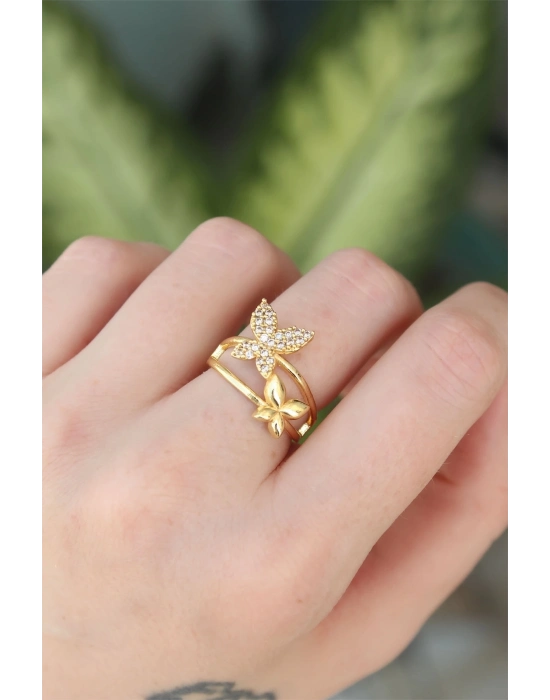 ® Pirinç Gold Renk Ayarlanabilir Zirkon Taşlı Kelebek Yüzük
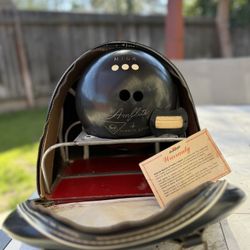 Vintage AMF Amflite Magic Line Bowling Ball w/ Original Case – 1960s Retro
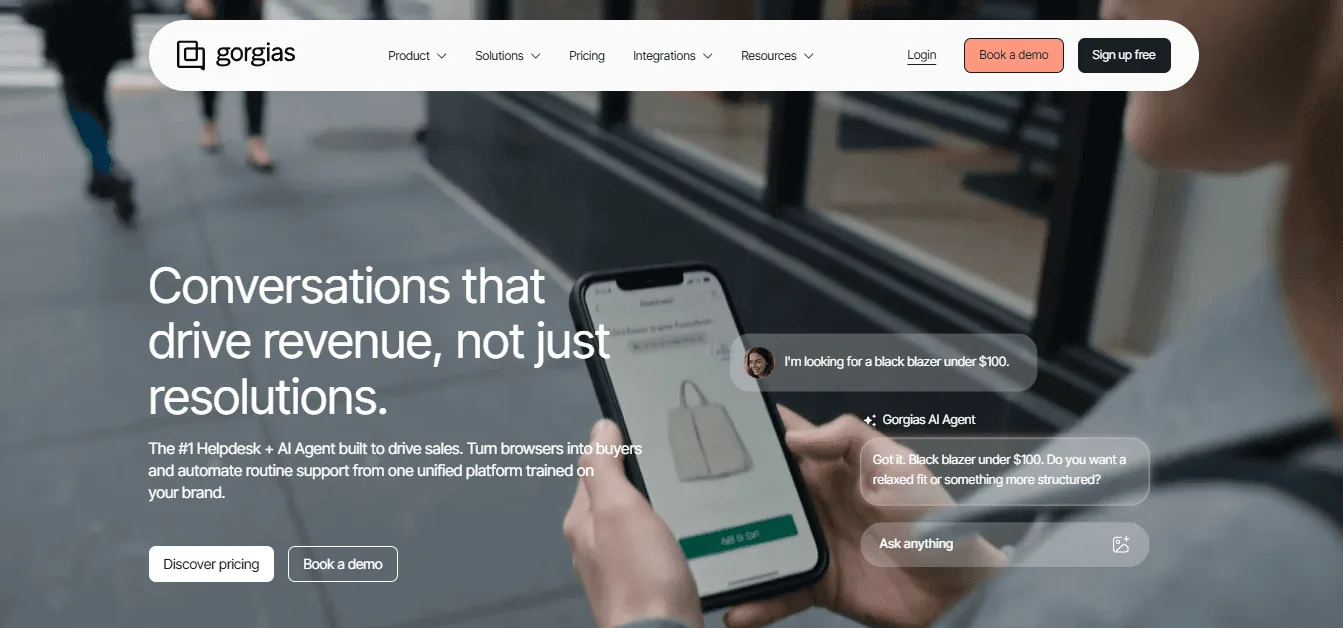 Screenshot of the Gorgias homepage, an AI customer support platform for ecommerce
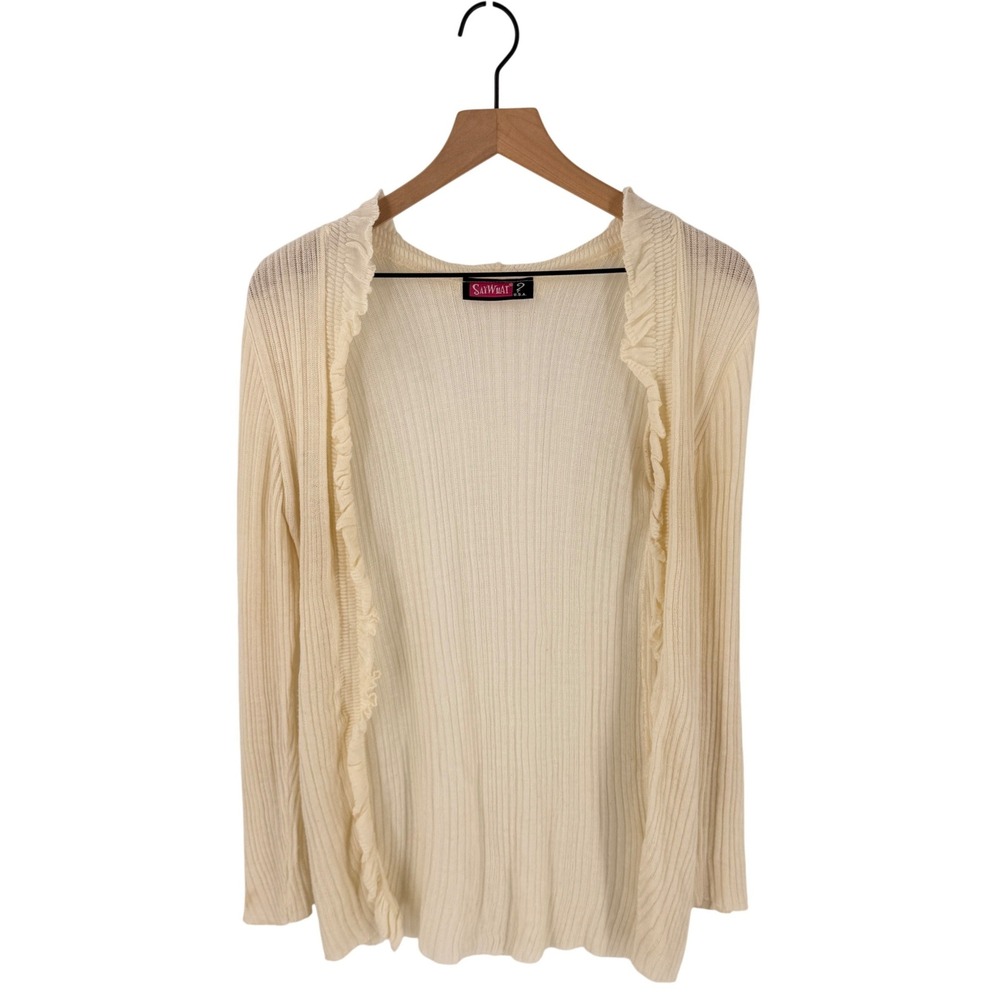 Vintage Y2K Say What? Cardigan Cream Small Ruffle Ribbed Open Front Coquette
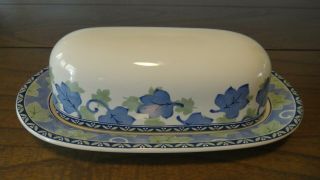 Pfaltzgraff Blue Isle And Green Ivy Leaves Butter Dish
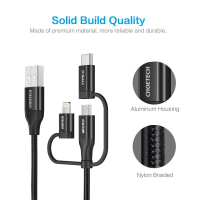 Дата кабель USB 2.0 AM to Lightning + Micro 5P + Type-C 1.2m MFI Choetech (IP0030-BK) Diawest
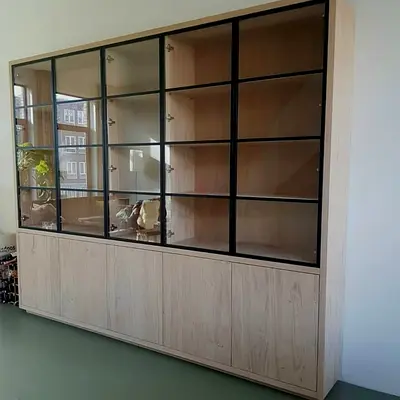 Large Wooden Display Cabinet with Glass Doors and Lower Storage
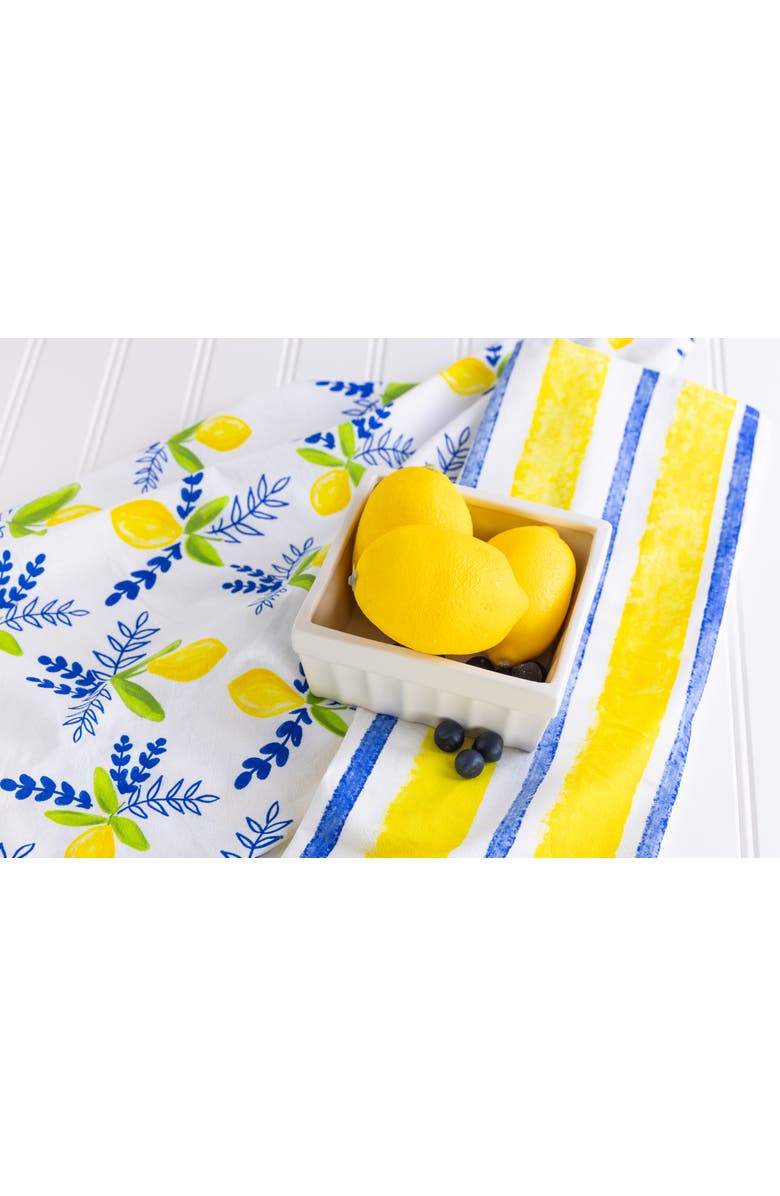 Transpac Ceramic Dish with Citrus Pattern Tea Towels Set of 3 Multicolored for Spring Serving and Entertaining, Alternate, color, Multicolored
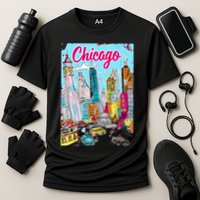 Chicago Preppy Travel Design Cooling Performance Crew T-Shirt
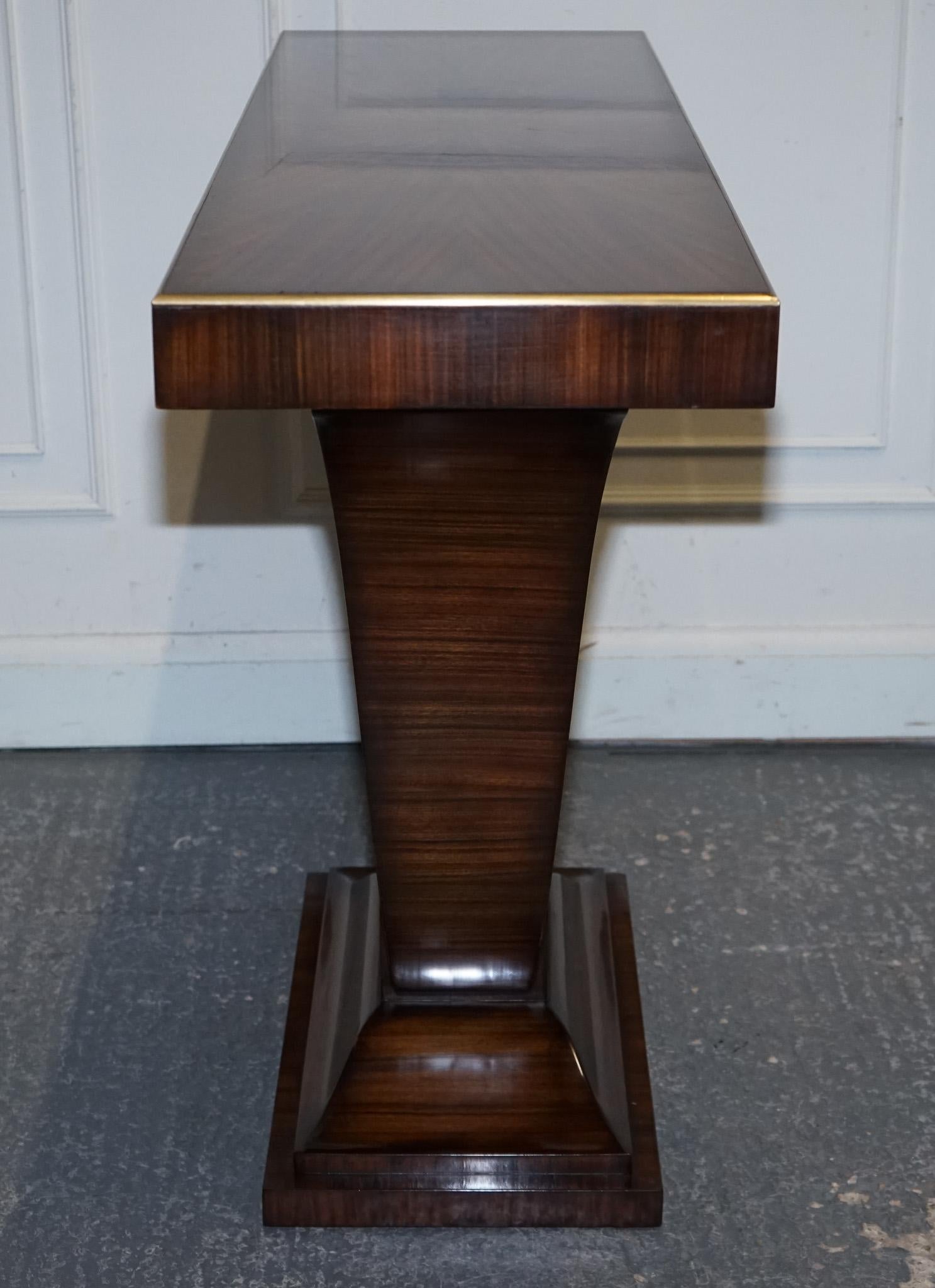 ART DECO EXOTIC MORADO & BRASS VANCUCCi SUNBURST CONSOLE BY THEODORE ALEXANDER For Sale 4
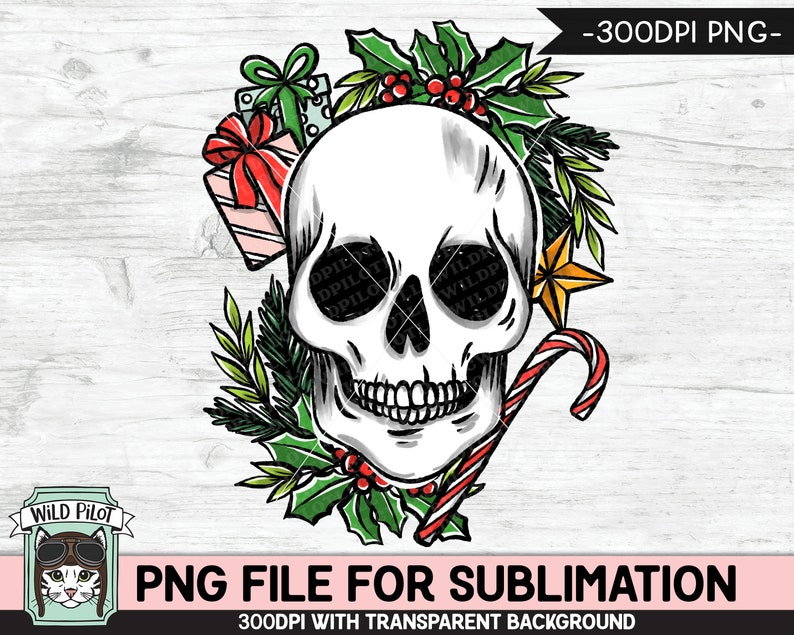 Christmas Skull SUBLIMATION design PNG, Christmas Skull png file, Christmas sublimation download, Skull with Holly, Candy Cane, Presents image 1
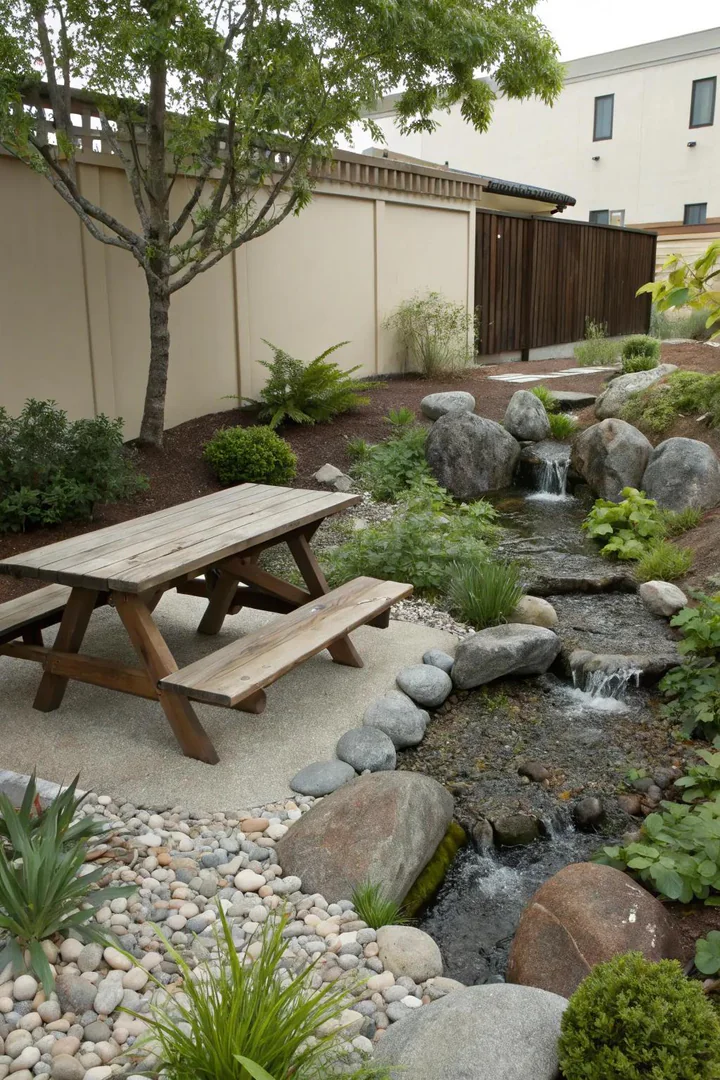 low-profile Japanese-style picnic table on a gravel bed surrounded by raked sand and bonsai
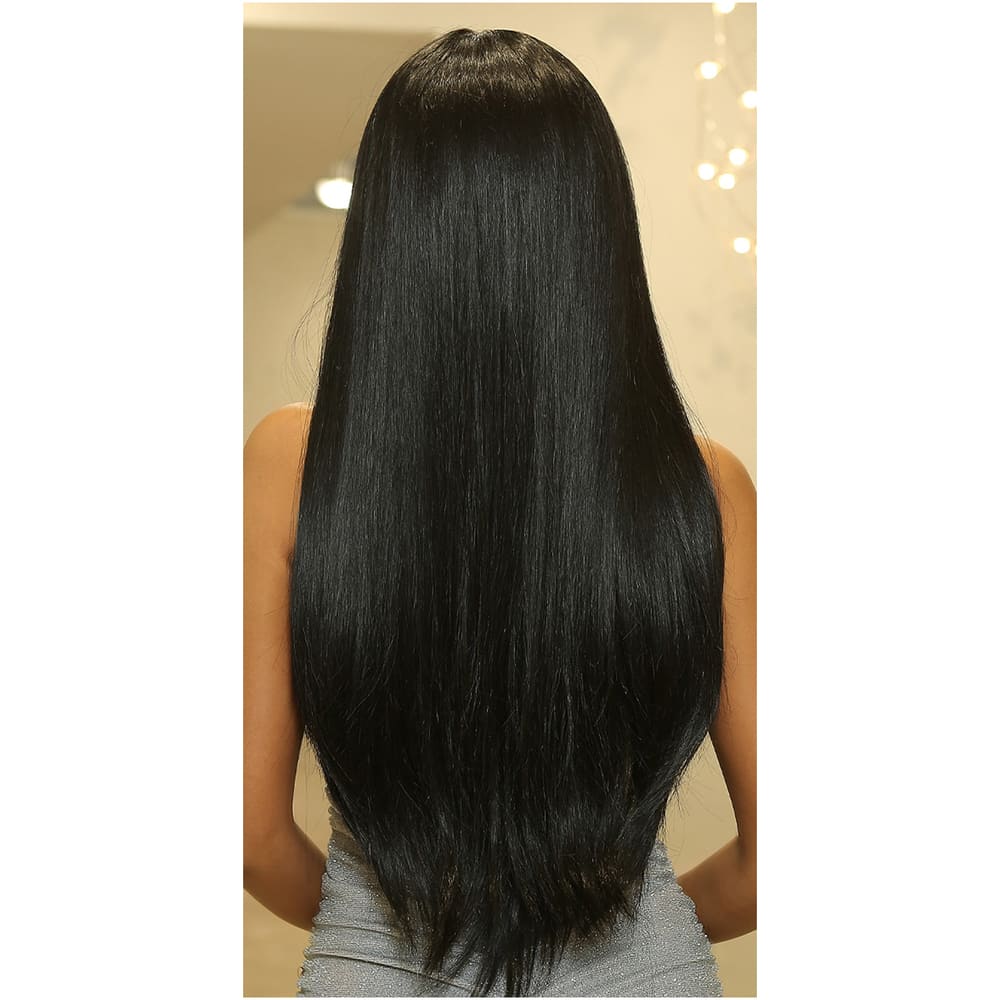 Perruque noire lisse femme nuque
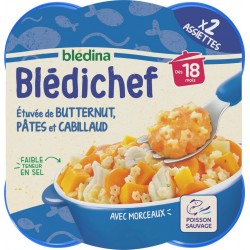 Bledichef Plat bébé dès 18 mois Etuvée de butternut, pâtes & cabillaud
:::::
## [AIM OF THE TASK]
The answer must be the lines above from the one containing "Vintage AMF Amflite" through the one containing "Vintage Y2K Say", reproduced exactly, with no pictures and nothing else.

## [TASK RESPONSE]
 Vintage AMF Amflite Magic Line Bowling Ball w/ Original Case – 1960s Retro
 Screenshot of the Gorgias homepage, an AI customer support platform for ecommerce
 Vintage Y2K Say What? Cardigan Cream Small Ruffle Ribbed Open Front Coquette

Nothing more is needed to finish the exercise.